╭─ Available data

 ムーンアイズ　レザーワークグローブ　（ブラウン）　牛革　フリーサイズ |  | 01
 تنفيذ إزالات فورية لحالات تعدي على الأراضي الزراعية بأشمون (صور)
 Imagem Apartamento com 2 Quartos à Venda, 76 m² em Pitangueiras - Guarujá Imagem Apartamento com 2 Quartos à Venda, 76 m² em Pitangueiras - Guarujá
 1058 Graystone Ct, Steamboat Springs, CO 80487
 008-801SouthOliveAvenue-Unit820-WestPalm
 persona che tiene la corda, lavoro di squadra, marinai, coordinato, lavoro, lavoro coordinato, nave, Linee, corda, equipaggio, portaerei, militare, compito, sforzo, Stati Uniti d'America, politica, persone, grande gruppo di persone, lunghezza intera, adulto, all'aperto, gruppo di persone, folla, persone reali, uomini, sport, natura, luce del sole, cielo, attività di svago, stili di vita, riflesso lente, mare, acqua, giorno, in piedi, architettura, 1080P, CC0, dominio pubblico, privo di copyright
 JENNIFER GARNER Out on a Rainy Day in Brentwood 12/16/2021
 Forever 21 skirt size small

╰─
╭─ Available data

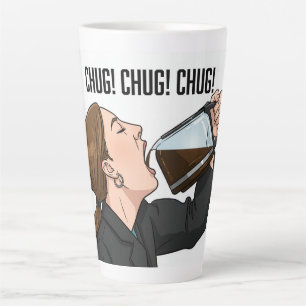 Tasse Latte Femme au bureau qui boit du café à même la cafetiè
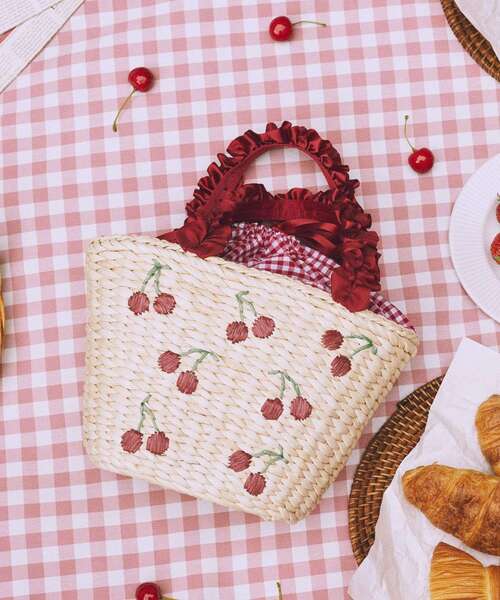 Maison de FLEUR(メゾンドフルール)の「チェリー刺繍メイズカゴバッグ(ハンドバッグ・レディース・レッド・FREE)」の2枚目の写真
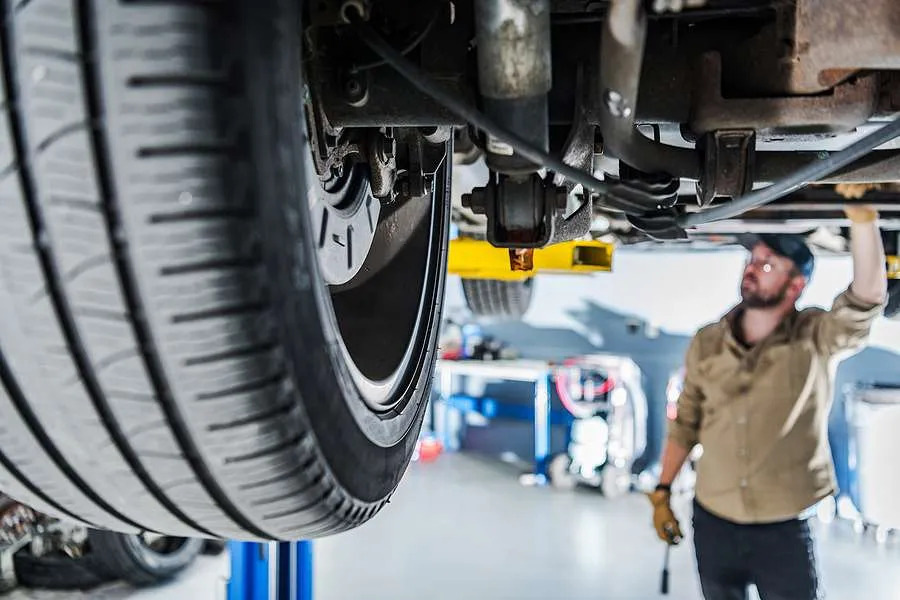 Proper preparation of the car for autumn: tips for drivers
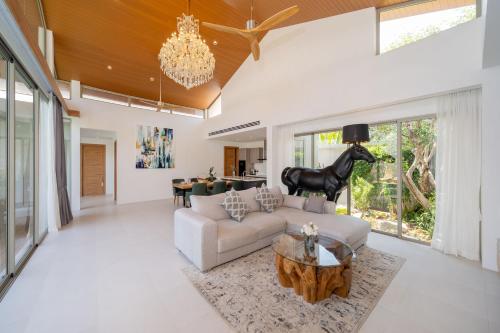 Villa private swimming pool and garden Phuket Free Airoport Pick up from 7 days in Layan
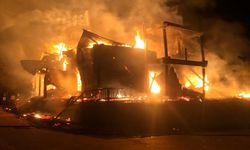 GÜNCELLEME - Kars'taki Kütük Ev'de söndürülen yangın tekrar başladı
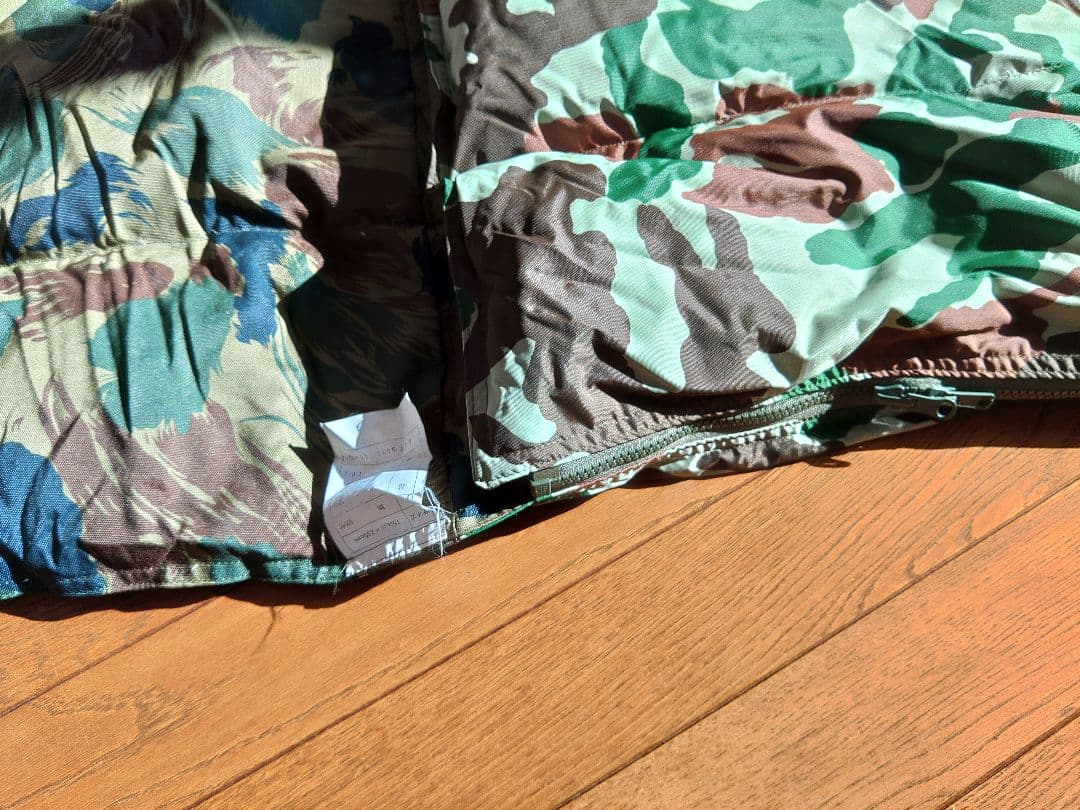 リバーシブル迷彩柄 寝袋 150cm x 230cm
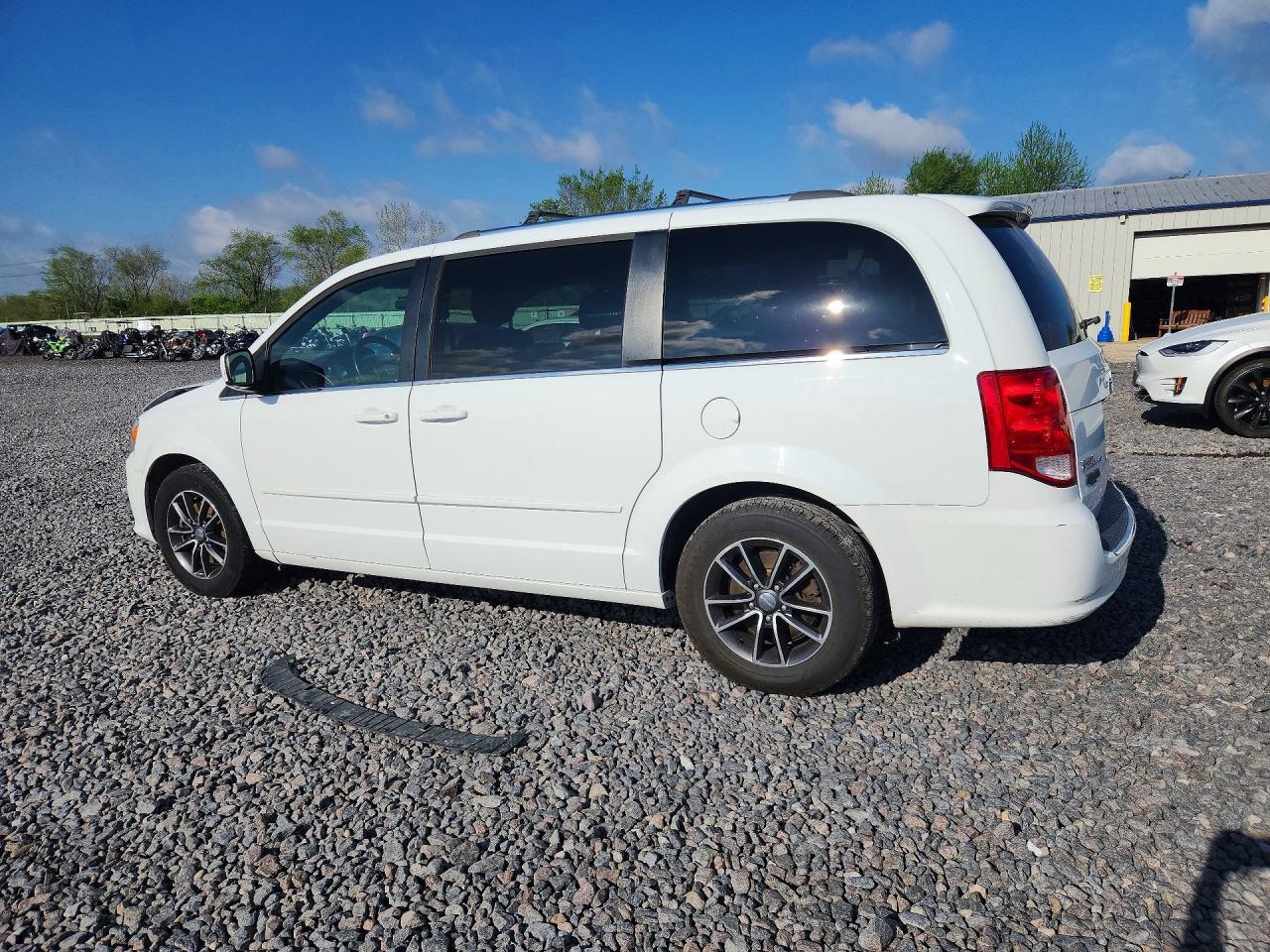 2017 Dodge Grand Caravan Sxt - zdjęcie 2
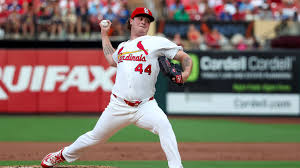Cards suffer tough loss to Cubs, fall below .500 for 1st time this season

╰─
╭─ Available data

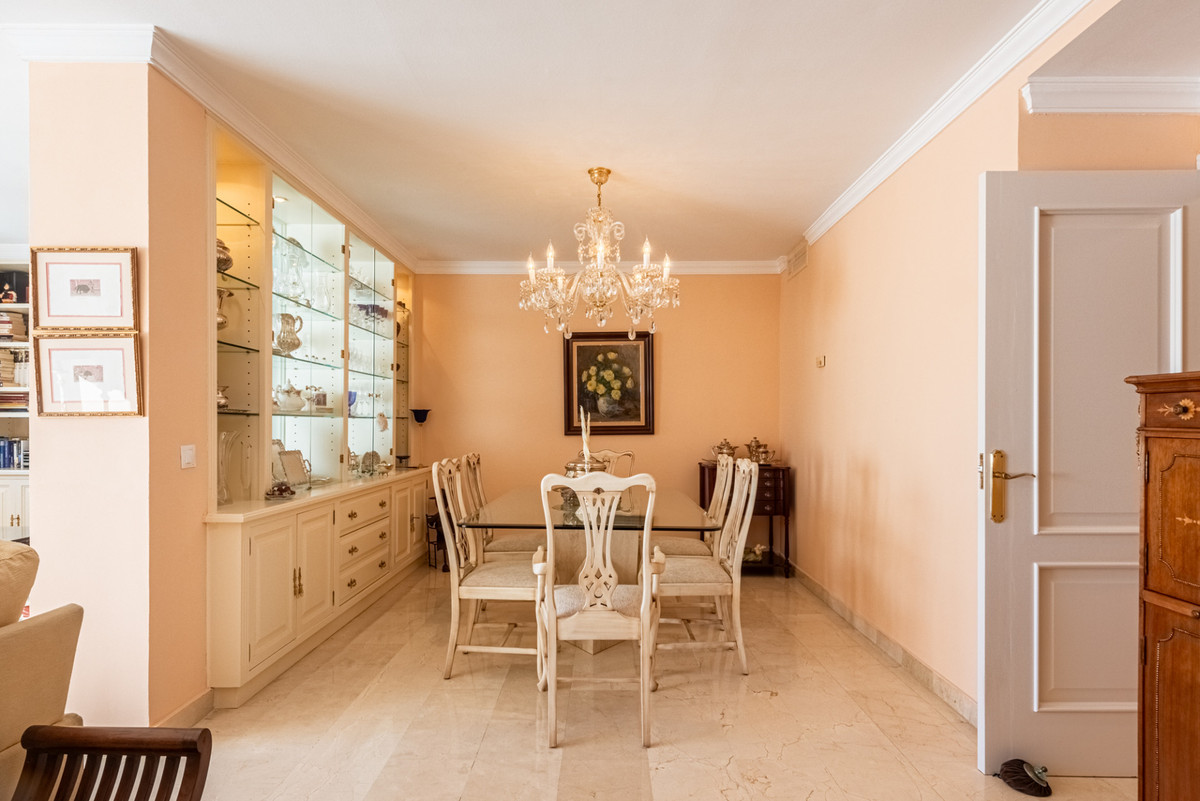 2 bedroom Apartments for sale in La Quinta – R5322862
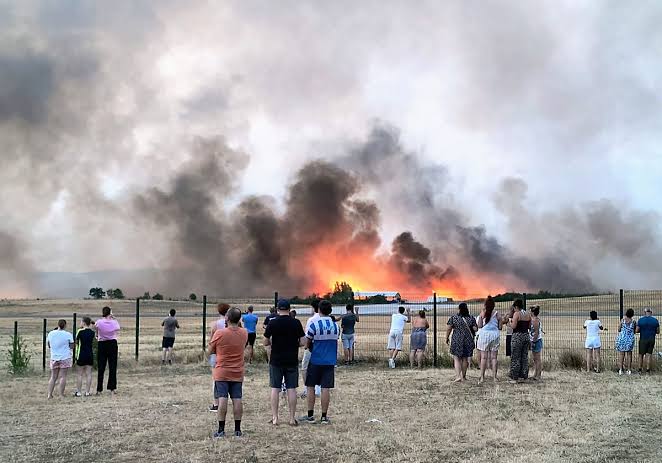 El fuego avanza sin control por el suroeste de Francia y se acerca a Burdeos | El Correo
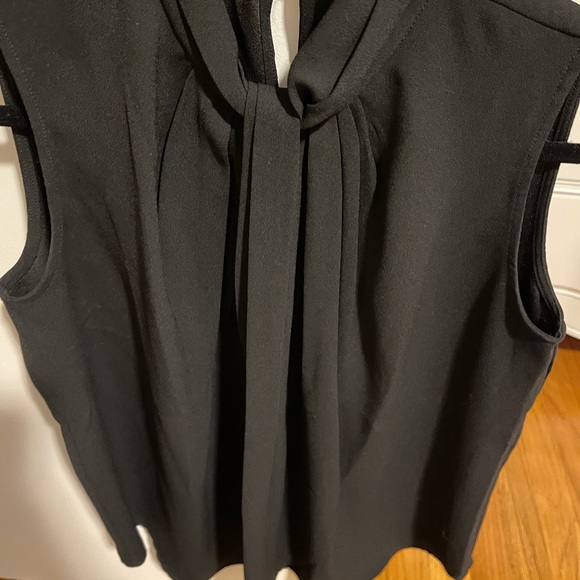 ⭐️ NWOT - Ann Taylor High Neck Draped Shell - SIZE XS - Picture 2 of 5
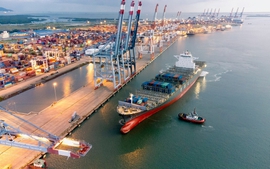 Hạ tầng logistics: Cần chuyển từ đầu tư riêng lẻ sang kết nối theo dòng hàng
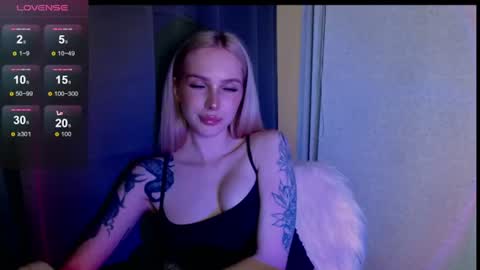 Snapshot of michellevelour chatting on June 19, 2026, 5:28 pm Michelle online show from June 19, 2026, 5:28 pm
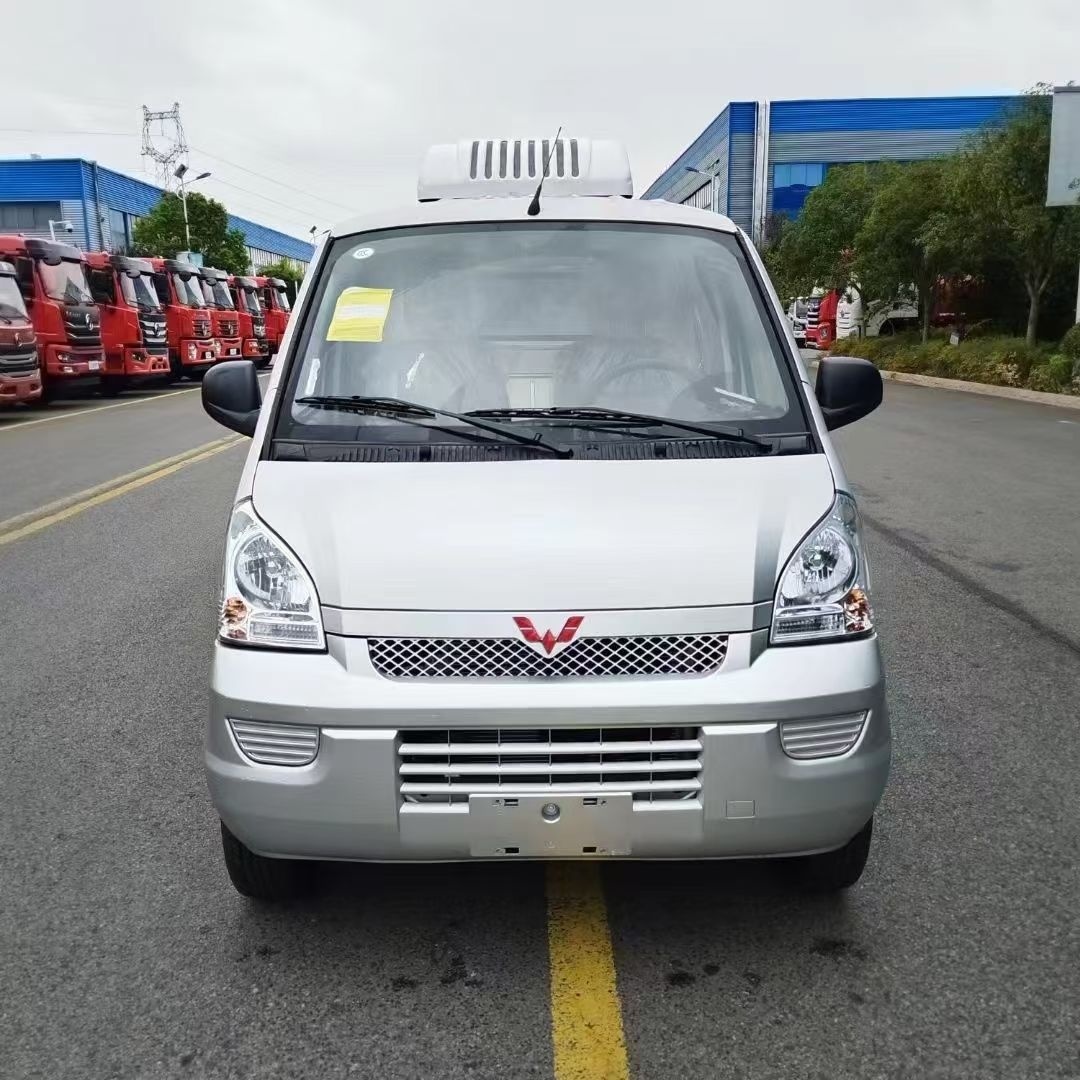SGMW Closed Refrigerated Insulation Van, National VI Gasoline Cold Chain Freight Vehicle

╰─

_Task details:_
What is needed is an exact copy of only the lines above from the one with "El fuego avanza" to the one with "SGMW Closed Refrigerated", both kept, with every picture left out.

_Output:_
 El fuego avanza sin control por el suroeste de Francia y se acerca a Burdeos | El Correo
 ⭐️ NWOT - Ann Taylor High Neck Draped Shell - SIZE XS - Picture 2 of 5
 Hạ tầng logistics: Cần chuyển từ đầu tư riêng lẻ sang kết nối theo dòng hàng
 Snapshot of michellevelour chatting on June 19, 2026, 5:28 pm Michelle online show from June 19, 2026, 5:28 pm
SGMW Closed Refrigerated Insulation Van, National VI Gasoline Cold Chain Freight Vehicle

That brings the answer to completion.